* _Recorded data_:
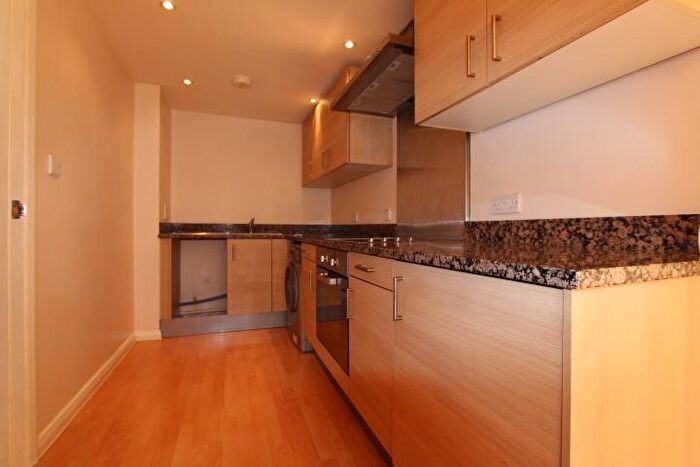 1 Bedroom Flat To Rent In Adrian Nicholas Court, Silver Street, Enfield, EN1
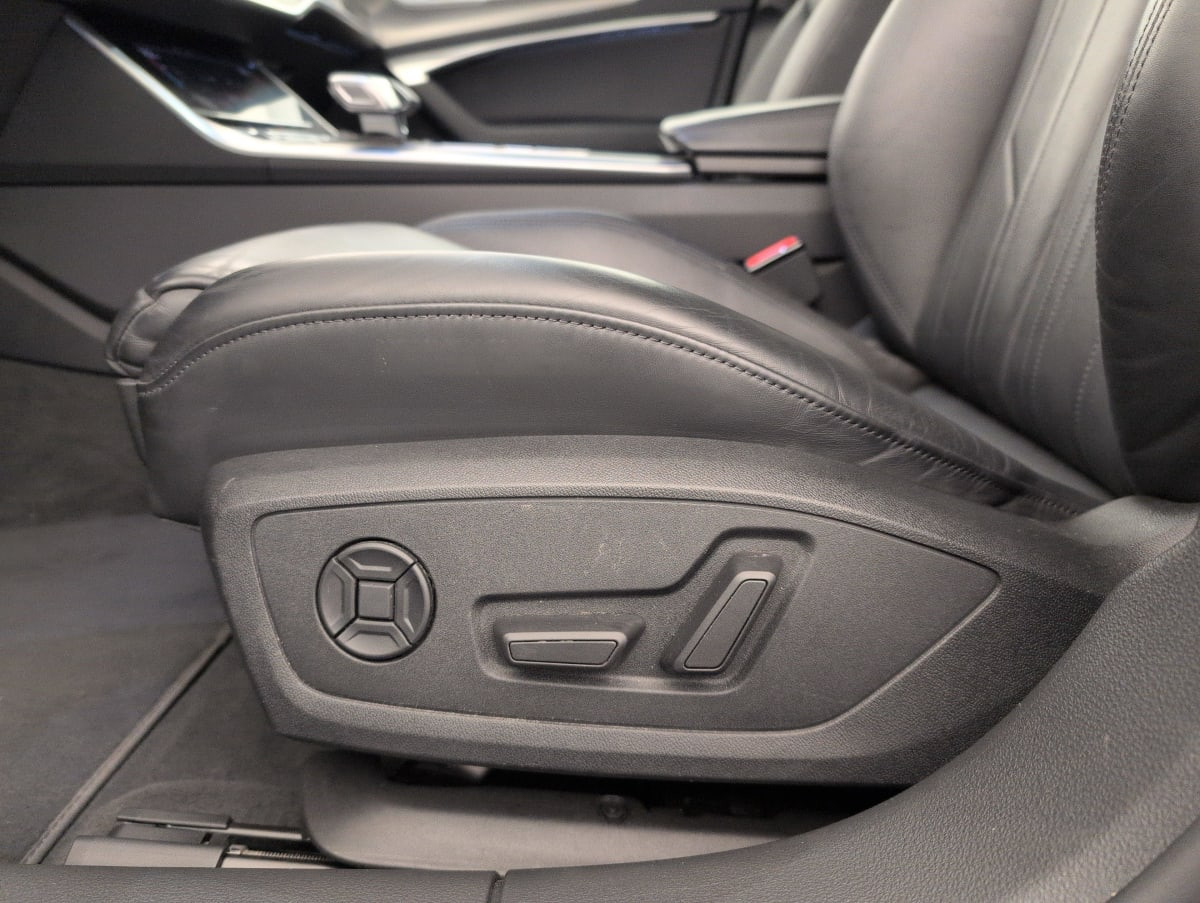 Vente en ligne Audi A6 Avant 40 TDI 204 ch S tronic 7 Business Executive au prix de 31 600 €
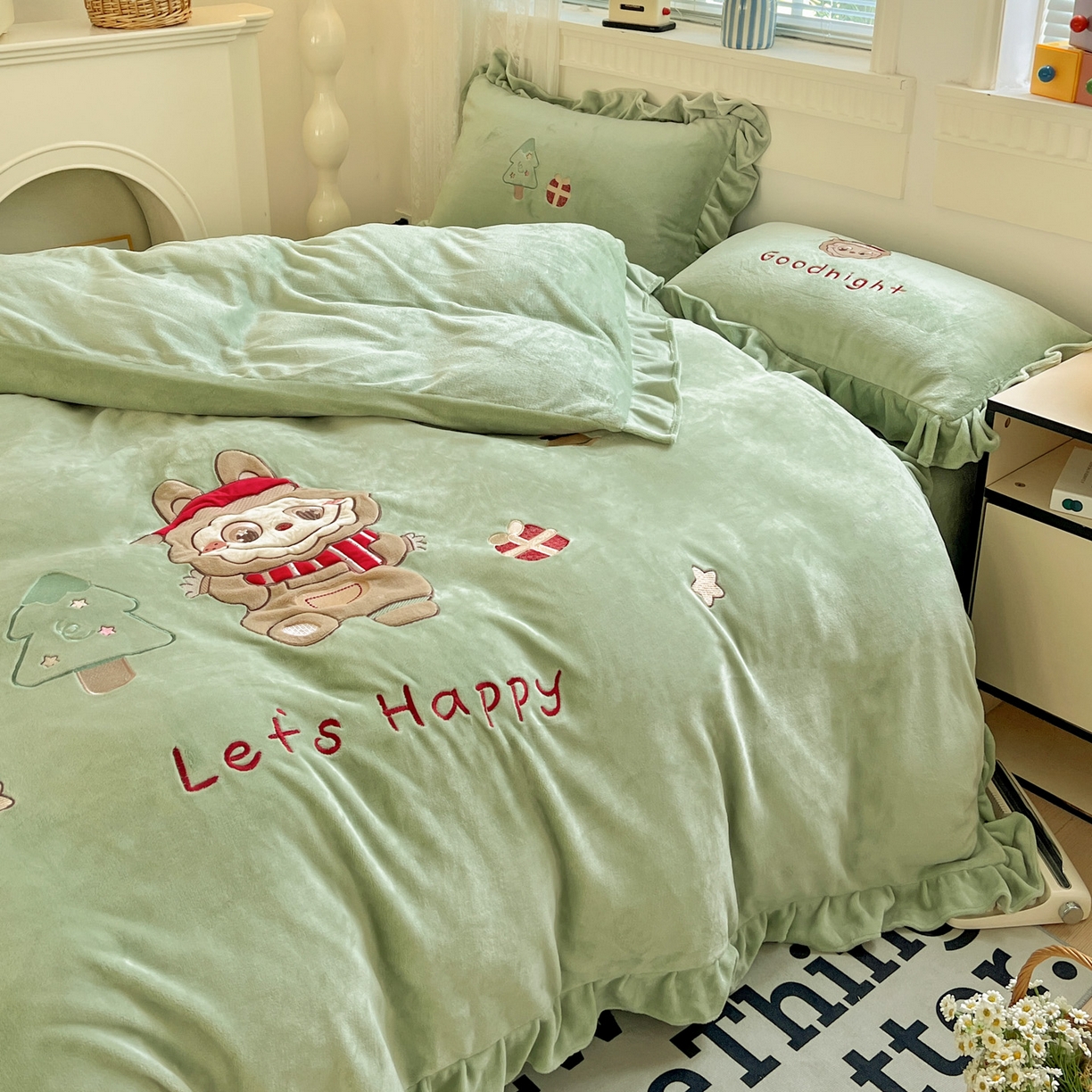 91家纺网 家纺一手货源 找家纺 星尚家纺 2025新款全消光230g牛奶绒卡通贴布绣三件套四件套 圣诞布布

* _The task_: Retype the whole listing word for word. Skip the pictures.

* _Expected answer_:
 1 Bedroom Flat To Rent In Adrian Nicholas Court, Silver Street, Enfield, EN1
 Vente en ligne Audi A6 Avant 40 TDI 204 ch S tronic 7 Business Executive au prix de 31 600 €
 91家纺网 家纺一手货源 找家纺 星尚家纺 2025新款全消光230g牛奶绒卡通贴布绣三件套四件套 圣诞布布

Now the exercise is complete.